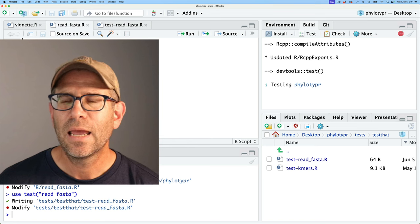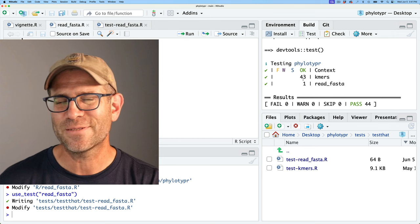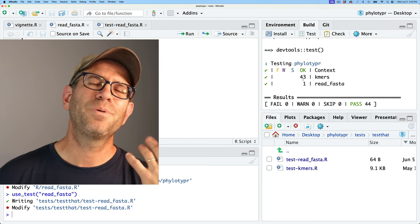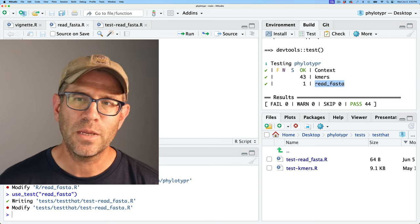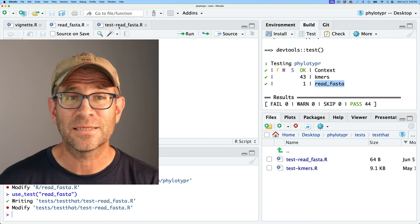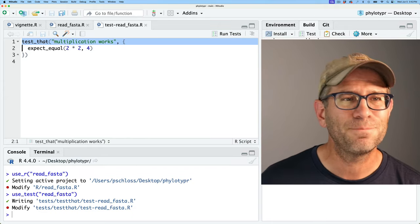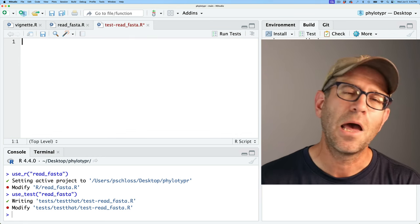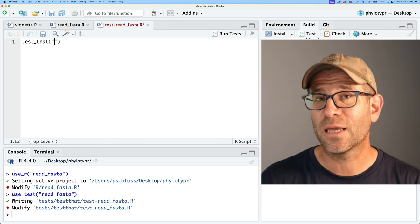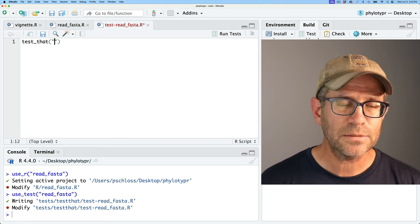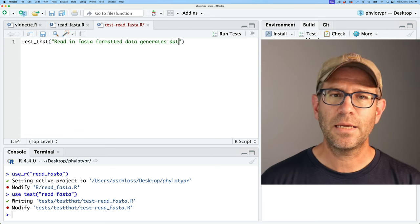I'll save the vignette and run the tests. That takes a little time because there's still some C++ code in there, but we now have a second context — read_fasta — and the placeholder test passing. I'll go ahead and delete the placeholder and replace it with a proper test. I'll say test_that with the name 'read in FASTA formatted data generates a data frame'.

________________________________________

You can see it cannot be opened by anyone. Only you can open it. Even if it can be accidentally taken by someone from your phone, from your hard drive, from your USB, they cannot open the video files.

________________________________________

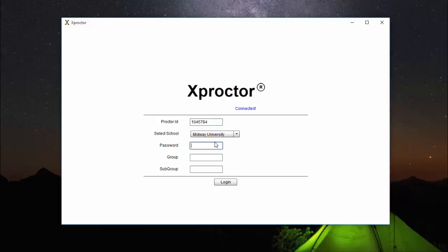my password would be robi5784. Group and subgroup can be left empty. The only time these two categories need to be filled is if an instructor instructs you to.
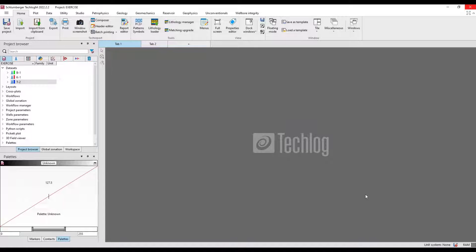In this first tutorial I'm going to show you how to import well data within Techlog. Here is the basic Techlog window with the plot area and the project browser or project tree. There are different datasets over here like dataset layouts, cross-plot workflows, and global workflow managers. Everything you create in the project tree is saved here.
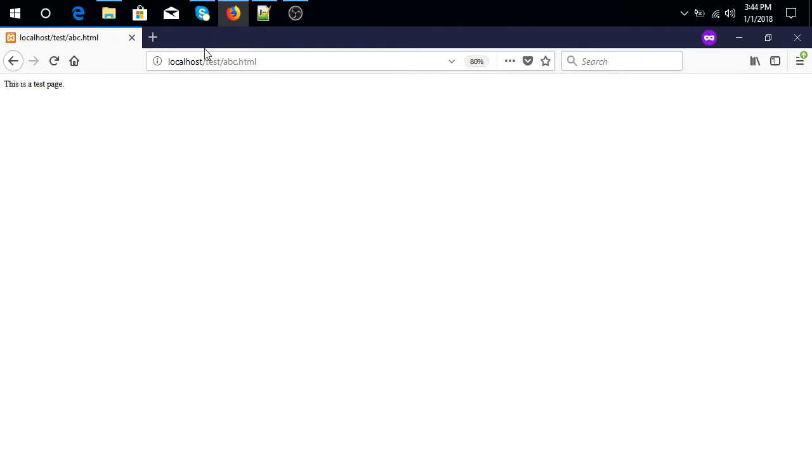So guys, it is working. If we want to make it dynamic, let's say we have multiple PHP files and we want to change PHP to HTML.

________________________________________

TASK DIRECTIONS
The response must repeat exactly the lines above from the one with "In this first" through the one with "So guys, it", including both, and must contain no pictures and no other text.

TASK RESULT
In this first tutorial I'm going to show you how to import well data within Techlog. Here is the basic Techlog window with the plot area and the project browser or project tree. There are different datasets over here like dataset layouts, cross-plot workflows, and global workflow managers. Everything you create in the project tree is saved here.
So guys, it is working. If we want to make it dynamic, let's say we have multiple PHP files and we want to change PHP to HTML.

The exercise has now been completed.